Copy out all lines of the listing below that hold "Photo".

Records provided:

BEGIN

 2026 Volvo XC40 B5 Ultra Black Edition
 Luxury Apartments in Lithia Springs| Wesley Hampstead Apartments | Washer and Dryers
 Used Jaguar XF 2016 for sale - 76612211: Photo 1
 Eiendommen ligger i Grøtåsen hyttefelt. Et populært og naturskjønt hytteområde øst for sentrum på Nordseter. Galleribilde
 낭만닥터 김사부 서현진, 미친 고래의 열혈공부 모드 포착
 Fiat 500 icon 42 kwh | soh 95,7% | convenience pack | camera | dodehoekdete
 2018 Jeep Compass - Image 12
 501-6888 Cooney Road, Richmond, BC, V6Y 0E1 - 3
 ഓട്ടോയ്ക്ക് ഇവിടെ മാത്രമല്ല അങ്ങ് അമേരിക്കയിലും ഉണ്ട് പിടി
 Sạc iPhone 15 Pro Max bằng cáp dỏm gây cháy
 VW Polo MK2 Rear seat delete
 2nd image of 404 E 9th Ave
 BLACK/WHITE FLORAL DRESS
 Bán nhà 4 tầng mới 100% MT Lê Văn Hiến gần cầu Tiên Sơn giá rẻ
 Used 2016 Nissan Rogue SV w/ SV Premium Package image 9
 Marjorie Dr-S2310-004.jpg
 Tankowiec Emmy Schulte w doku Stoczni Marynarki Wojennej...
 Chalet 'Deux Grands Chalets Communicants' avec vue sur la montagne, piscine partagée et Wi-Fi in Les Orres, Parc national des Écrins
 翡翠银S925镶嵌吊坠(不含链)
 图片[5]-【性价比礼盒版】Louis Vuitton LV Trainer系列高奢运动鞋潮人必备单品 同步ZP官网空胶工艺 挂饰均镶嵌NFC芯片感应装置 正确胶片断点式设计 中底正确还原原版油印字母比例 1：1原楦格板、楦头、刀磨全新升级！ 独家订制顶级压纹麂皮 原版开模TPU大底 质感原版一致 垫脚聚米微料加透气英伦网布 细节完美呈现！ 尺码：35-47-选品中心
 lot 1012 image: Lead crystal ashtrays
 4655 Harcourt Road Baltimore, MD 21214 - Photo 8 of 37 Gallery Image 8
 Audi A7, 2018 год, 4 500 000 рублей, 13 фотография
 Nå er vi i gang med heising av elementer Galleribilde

END

Solution for this task:
 Used Jaguar XF 2016 for sale - 76612211: Photo 1
 4655 Harcourt Road Baltimore, MD 21214 - Photo 8 of 37 Gallery Image 8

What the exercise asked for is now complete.